Download this tutorial

LSTM-based Language Models

A statistical language model is simply a probability distribution over sequences of words or characters [1]. In this tutorial, we’ll restrict our attention to word-based language models. Given a reliable language model, we can answer questions like which among the following strings are we more likely to encounter?

  1. ‘On Monday, Mr. Lamar’s “DAMN.” took home an even more elusive honor, one that may never have even seemed within reach: the Pulitzer Prize”
  2. “Frog zealot flagged xylophone the bean wallaby anaphylaxis extraneous porpoise into deleterious carrot banana apricot.”

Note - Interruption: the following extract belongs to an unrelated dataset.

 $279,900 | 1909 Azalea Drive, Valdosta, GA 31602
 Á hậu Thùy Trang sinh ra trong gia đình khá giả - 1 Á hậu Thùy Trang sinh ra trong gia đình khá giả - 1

Even if we’ve never seen either of these sentences in our entire lives, and even though no rapper has previously been awarded a Pulitzer Prize, we wouldn’t be shocked to see the first sentence in the New York Times. By comparison, we can all agree that the second sentence, consisting of incoherent babble, is comparatively unlikely. A statistical language model can assign precise probabilities to each string of words.

Given a large corpus of text, we can estimate (i.e. train) a language model \(\hat{p}(x_1, ..., x_n)\). And given such a model, we can sample strings \(\mathbf{x} \sim \hat{p}(x_1, ..., x_n)\), generating new strings according to their estimated probability. Among other useful applications, we can use language models to score candidate transcriptions from speech recognition models, given a preference to sentences that seem more probable (at the expense of those deemed anomalous).

These days recurrent neural networks (RNNs) are the preferred method for LM. In this notebook, we will go through an example of using GluonNLP to

  1. implement a typical LSTM language model architecture
  2. train the language model on a corpus of real data
  3. bring in your own dataset for training
  4. grab off-the-shelf pre-trained state-of-the-art language models (i.e., AWD language model) using GluonNLP.

Language model definition - one sentence

The standard approach to language modeling consists of training a model that given a trailing window of text, predicts the next word in the sequence. When we train the model we feed in the inputs \(x_1, x_2, ...\) and try at each time step to predict the corresponding next word \(x_2, ..., x_{n+1}\). To generate text from a language model, we can iteratively predict the next word, and then feed this word as an input to the model at the subsequent time step.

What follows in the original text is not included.